À 69 ans, Alain Carignon explique à l'AFP n'avoir "plus rien à perdre" après avoir "tout connu" depuis 1983, date de sa victoire inattendue à Grenoble - qu'il dirigea jusqu'en 1995 - aux dépens de l'emblématique maire socialiste Hubert Dubedout.
Un succès qui a propulsé ce "gaulliste d'une droite ouverte" sur la voie royale d'un destin national. Mais qui l'a également mené du côté obscur du pouvoir, où il a goûté au pire des châtiments infligés à un homme politique: l'inéligibilité.
"Ma force, c'est que je n'ai plus à préparer mon avenir, mais à m'investir avec une idée de transmission.
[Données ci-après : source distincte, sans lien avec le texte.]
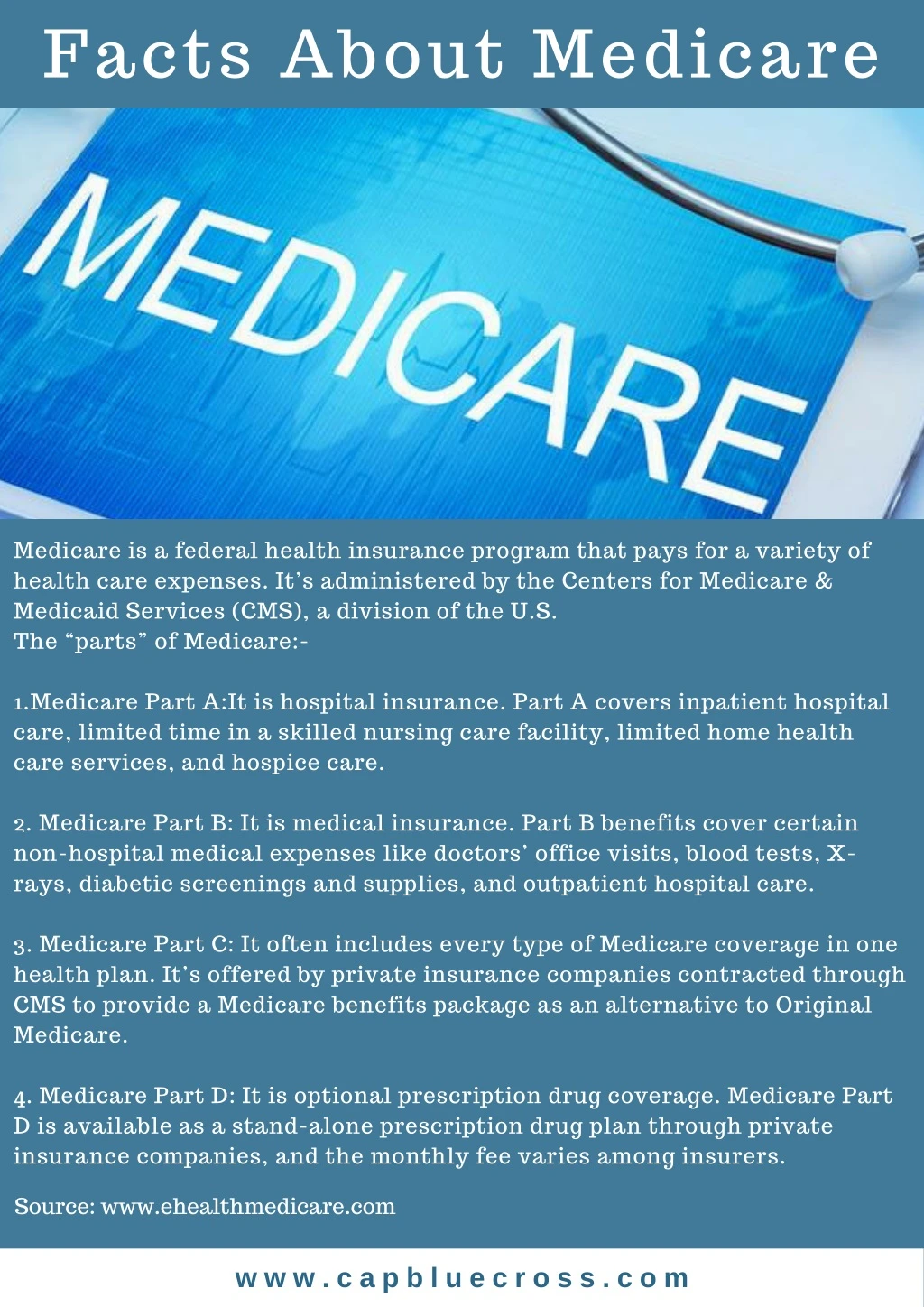 facts about medicare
Cette élection sera mon dernier combat", confie ce proche de Nicolas Sarkozy, qui lui a manifesté son soutien en 2002 à la fin de sa traversée du désert.
"J'ai cherché quelqu'un pour reprendre le flambeau, en vain. Je (...) possède le réseau nécessaire pour endosser la fonction. J'ai passé les derniers mois à mûrir mon projet", détaille-t-il.
"Montrer patte blanche"
Dans les rues de Grenoble, personne n'a oublié les péripéties judiciaires de celui qui dirigea également le conseil départemental de l'Isère (1985-97), tout en endossant successivement le costume de député européen (1984-86) et de député de l'Isère (1986-93).
À commencer par ses opposants historiques, qui s'appliquent à rappeler aux Grenoblois ses démêlées avec la justice ou les "dégâts profonds" causés par les deux mandats de ce "papy corrompu", comme ils le surnomment.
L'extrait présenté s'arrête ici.